Detectors¶

rlwatch ships with six detectors. Each one watches a specific failure mode that GRPO/PPO runs hit in practice. Every detector follows the same contract: configurable warmup, configurable severity thresholds, fires once per episode (not per step), and every alert ships with a recommended action.

The lineup¶

Detector	In plain English	Default trip-wire
Entropy collapse	The model stopped exploring — it's now just repeating itself.	Entropy < 1.0 for 50 steps in a row
KL divergence explosion	The policy is running away from the reference model (usually the prelude to reward hacking).	KL > 3σ above the rolling mean
Reward hacking proxy	Rewards suddenly got weird — either way more variance than before, or split into two clusters.	Variance > 3× baseline, or Hartigan dip test p < 0.05
Advantage variance spike	The value function estimates just became unstable.	Advantage std > 3× rolling baseline
Loss NaN / Inf	The optimizer has blown up; any further updates corrupt the policy.	Loss is non-finite (one step is enough)
Gradient norm spike	Gradients exploded — usually the precursor to a loss NaN.	Grad norm > 3σ above frozen baseline
Reward mean drift	Reward mean is drifting monotonically — suspicious for slow reward hacking.	Monotone for 50 steps with magnitude > 0.1

Every detector has two severity levels (warning and critical), a configurable warmup period so it doesn't fire at step 3, and a cooldown so you don't get spammed.

Common contract¶

Every detector exposes the same shape of config (see configuration):

enabled: bool — turn the detector off without removing it from your YAML.
warmup_steps: int — number of steps to ignore at the start of training. Use a longer warmup for noisy initial steps.
One or more numeric thresholds (the trip-wires).
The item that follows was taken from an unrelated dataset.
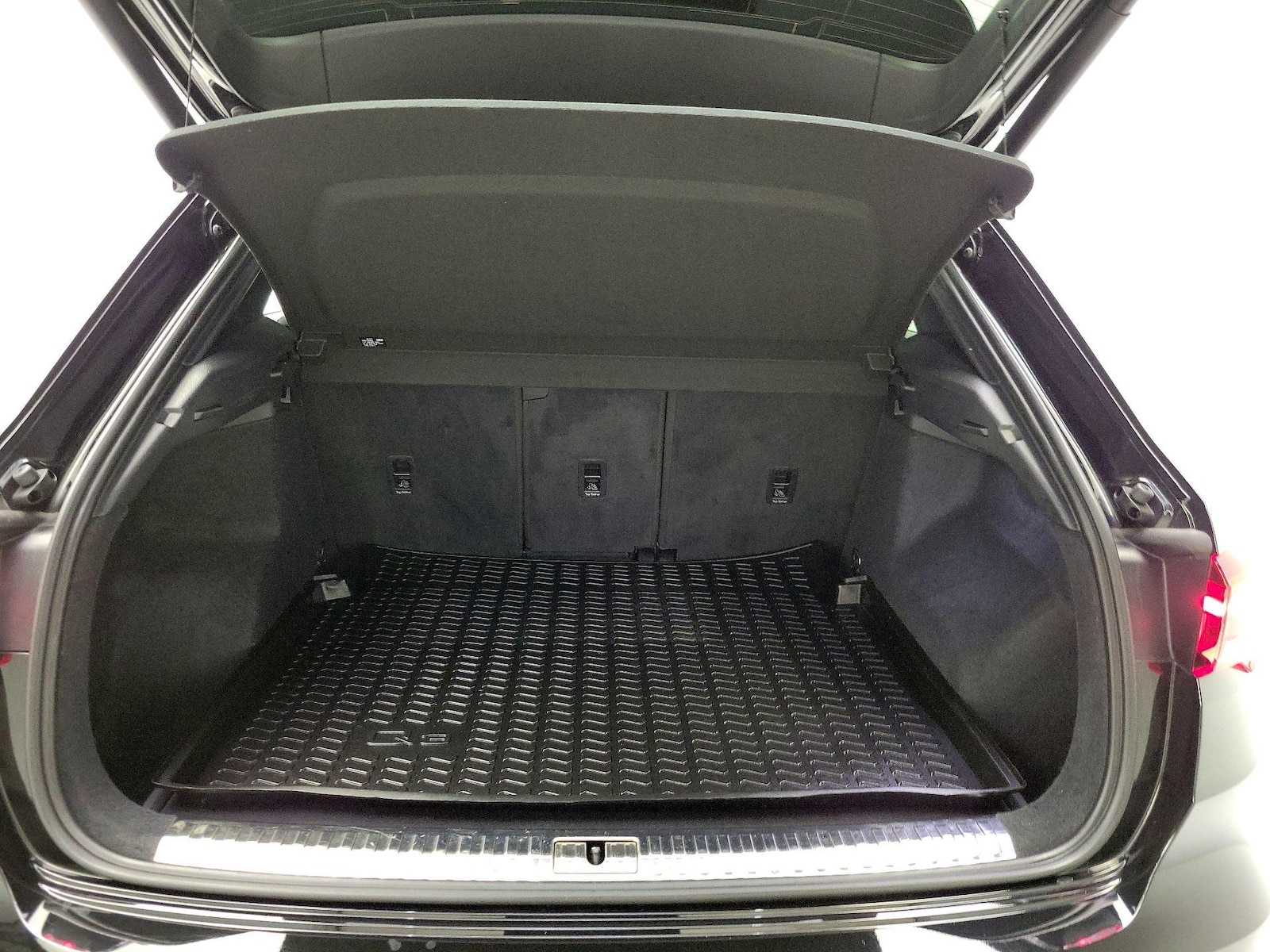 2022 Audi Q3 S Line Premium Plus - Photo 22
And every detector emits an Alert with the same fields:

detector — the detector's identifier (e.g., "entropy_collapse")
severity — "warning" or "critical"
step — the training step at which the alert fired
message — a one-sentence human-readable explanation
metric_values — a dict of the relevant numeric values
recommendation — what to actually do about it

Severity tiers¶

Most detectors have two tiers:

Warning — "this might be becoming a problem; check it out next time you look at the dashboard."
Critical — "this is a problem right now; you should probably stop the run."

Critical alerts can preempt warnings within the cooldown window — if you see a warning and then a critical from the same detector five steps later, the critical is allowed through. The reverse is not true (a warning will not preempt an earlier critical).
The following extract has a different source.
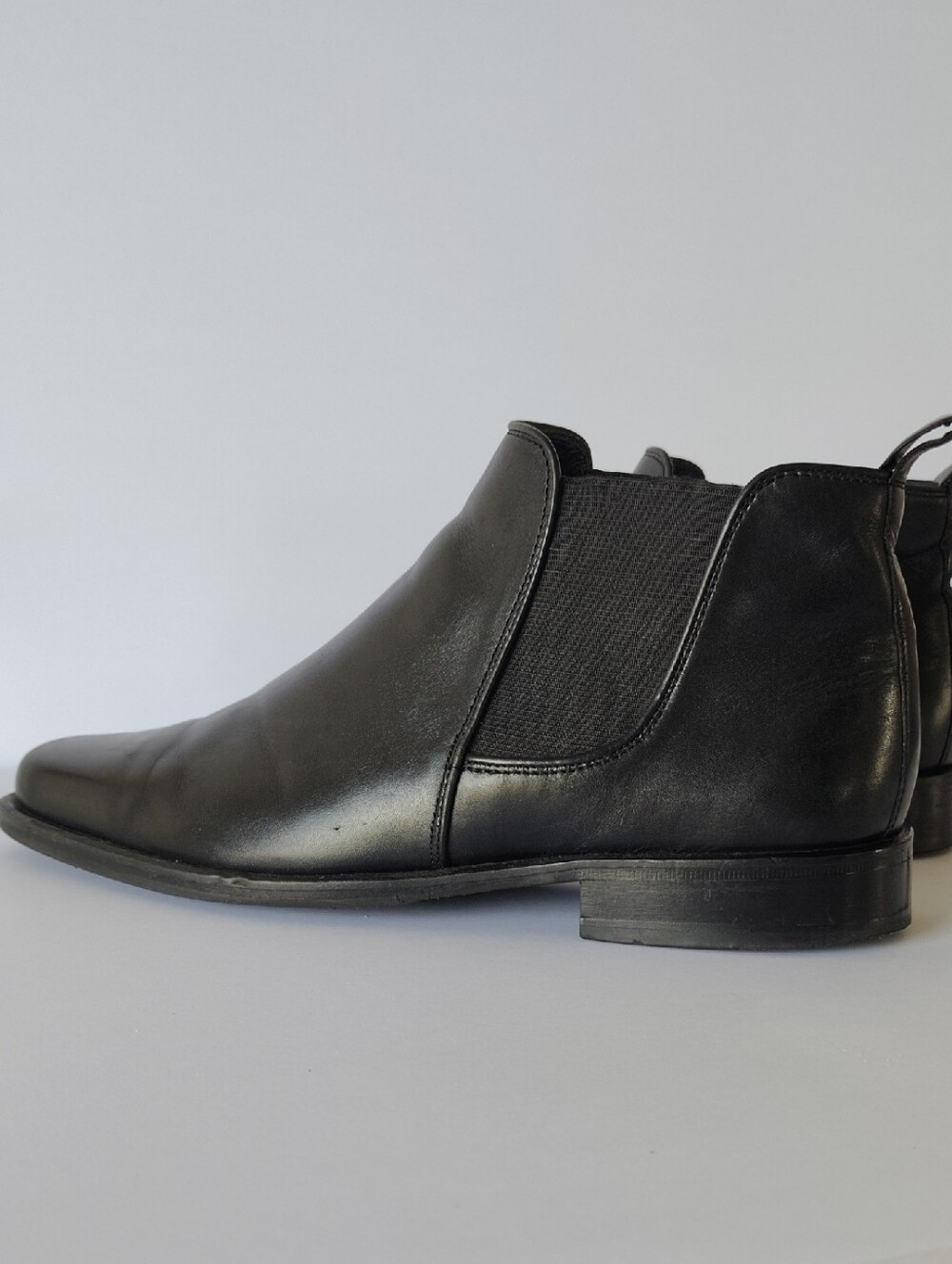 Johnston & Murphy Black Leather Chelsea Boots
Cooldown and rate limiting¶

The AlertManager tracks (detector, severity) pairs against a cooldown window. By default, the same detector at the same severity won't re-fire within 100 steps, and a single run is capped at 50 total alerts. Both are configurable in alerts.cooldown_steps and alerts.max_alerts_per_run.

Frozen vs rolling baselines¶

Two detectors (KL explosion, advantage variance spike) use a z-score model against a rolling baseline by default — this catches sharp spikes reliably but silently follows slow drift. The baseline_mode: "rolling" | "frozen" option freezes the baseline once the rolling window first fills, mirroring how RewardHackingDetector already works.
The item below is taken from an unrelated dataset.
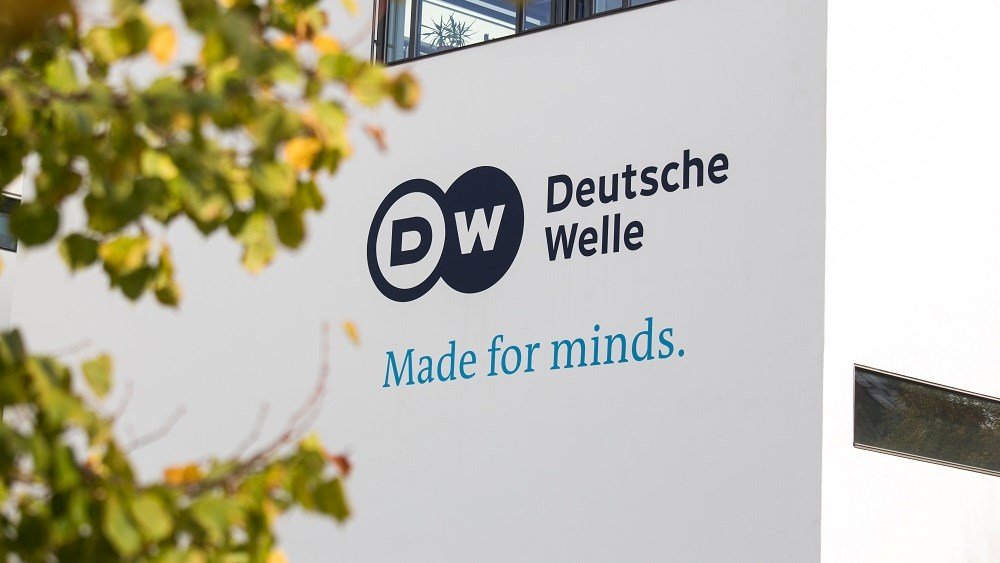 Γερμανία: Αντίδραση της κυβέρνησης στην ταξινόμηση της Deutsche Welle ως ανεπιθύμητου οργανισμού από την Μόσχα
The new gradient norm spike detector defaults to "frozen" because grad norms drift slowly on healthy runs. KL and advantage default to "rolling" for backwards compatibility — if you want the frozen behavior, opt in explicitly:

kl_explosion:
  baseline_mode: frozen
advantage_variance:
  baseline_mode: frozen

See BUILD_DECISIONS.md on GitHub for the full rationale.